Are these levels ok?

  • We are currently upgrading MFK. thanks! -neo
Pufferpunk;4624331; said:
Almost none of nitrifying bacteria lives in the water column. It lives on surfaces--mostly on the substrate & filter media but also on the glass & decor. Doing 90% water changes all day long, won't hurt the cycling process AT ALL. The most important thing right now, is to prevent these fish from being poisoned from their own waste.

What about J-P's idea of adding another established filter on there? That would add a ton of nitrifying bacteria to help out with the bioload.

Underlined part is correct. However, the rest is not. Doing large water changes disrupts the chemistry in the water, and prohibits the bacteria from growing as fast as possible. Not to mention drastically (and daily) chaning that much water adds stress to the fish. Something you are trying to avoid.

These fish show no signs of stress from the current water chemsitry. Let the process happen.
 
Discus breeders do 100-200% daily water changes. Myself, I do 90% weekly on my discus tanks. Again I stress--the most important thing is not to leave these puffers living in a toilet bowl. How is the chemistry changed in any way, if you are constantly bringing the water back to the pristine parameters of tap water?
 
Have to agree with pufferpunk here. ammonia/nitrite(especially 10ppm) are very bad. Doing water changes during cycling does not slow the cycle process at all.
 
http://www.**************.com/forum/library/water-filtration/aquariummicrobespart1/
 
The self promoting of other website forums is a little overplayed.

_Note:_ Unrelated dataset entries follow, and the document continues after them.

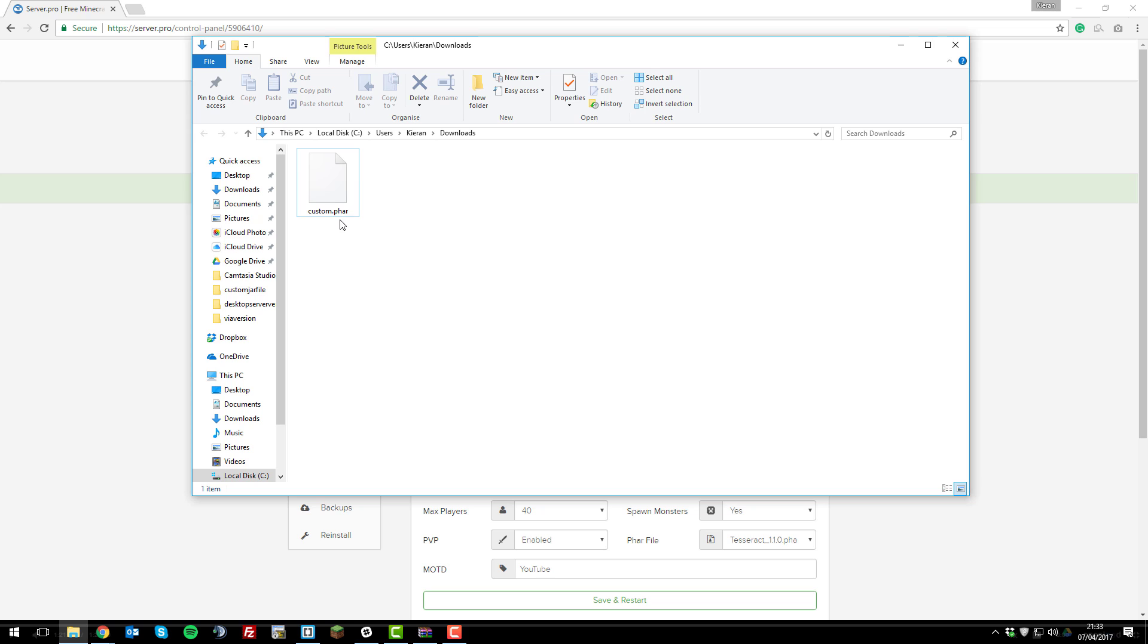Firstly you'll need to obtain a FAR file for you to use. I'm going to be running a custom one here, however you can use any that are downloaded from the internet and are able to run a Minecraft Pocket Edition server.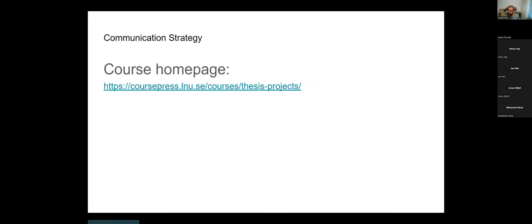Moving on to the communication strategy. First, we have a course homepage — link is in Slack under the headline of the 2DV50E channel. The course homepage is for static information. I haven't updated it much recently — we had some problems with it during the spring — so think about Slack as your primary channel for information and communication. The course homepage contains information about the course, different methodologies, course content, and some recorded lectures.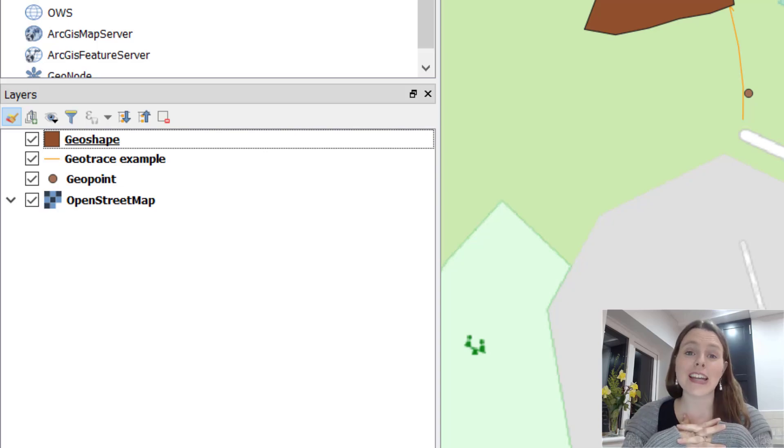Hopefully that was helpful. That is how you add a GeoShape into a QGIS map.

The plain and simple fact is you don't want to do water changes to a cycling tank. It DOES have a negative impact, no matter what you guys/girls would like to say or link us to. It will draw it out longer, furthing the negative water chemistry we're trying to get these fish out of. I won't post a link to prove it, I'll tell you that from personal experience. Setting up new systems is part of my career and I'm very well versed in what does and doesn't work to get a tank (of any size) cycled.
 
I agree not to go overboard with water changes. When my brackish tank crashed and had to recycle, I was doing 50% WCs daily. I lost all of my indian glassfish and a dragon goby, but my moray eel, knight gobies and larger dragon goby survived.

When WCing the tank, if the tank is already brackish, match the salinity of the water to .001 if you can. If not, a large water tank will stress the fish and the bacteria. Salinity in a tank should not change by more than .001 in a day or else you will have significant bacteria losses. Bacteria are more sensitive to fluctuating salinities than fish.

Also, prime is your friend. When I used prime daily with water changes twice a day, it seemed to stop nitrite poisoning temporarily.

Good luck! PS. wait until ammonia and nitrite reach 0 before feeding muscle to the fish. I would just feed them the FD brine, and very lightly!
 
put an ad on craigslist asking for someone to help you out with some bb - cycled media and whatnot. Maybe someone out there in your area can help you out.
 
I'm done arguing with you goofs. That article was only linked to because the scientist who wrote it has 50+ years experience in this hobby & he knows what he's talking about. Those fish just can't sit in toxic water, waiting for the tank to cycle. It's overstocked & that just is never going to happen. I have a feeling the OP has gone on to a forum where she can get factual info about keeping puffers.
 
Pufferpunk;4625568; said:
I have a feeling the OP has gone on to a forum where she can get factual info about keeping puffers.

I did not see any information about pufferfish that was not accurate in this thread. However, it is a fact that without ammonia a tank will never cycle and that the only way that an uncycled tank is okay is if the OP has a flow-through system so there would be no need for BB.

To the OP. If the tank is not brackish yet (SG of less than 1.004), I suggest heading out to a LFS that uses sponge filters (many stores hide the sponge under the gravel you can tell it's a sponge filter from the uplift tube) and ask if they can squeeze the sponge in a bag for you so you can take that home. It will have beneficial bacteria in it and any knowledgeable employee will know that.
 
The tank has been running for over 2 months. It cannot establish enough bacteria to support the bioload of her overstocked tank. She cannot find any used media. Her best bet is to find a LFS to take those fish & stock the tank with more suitable inhabitants.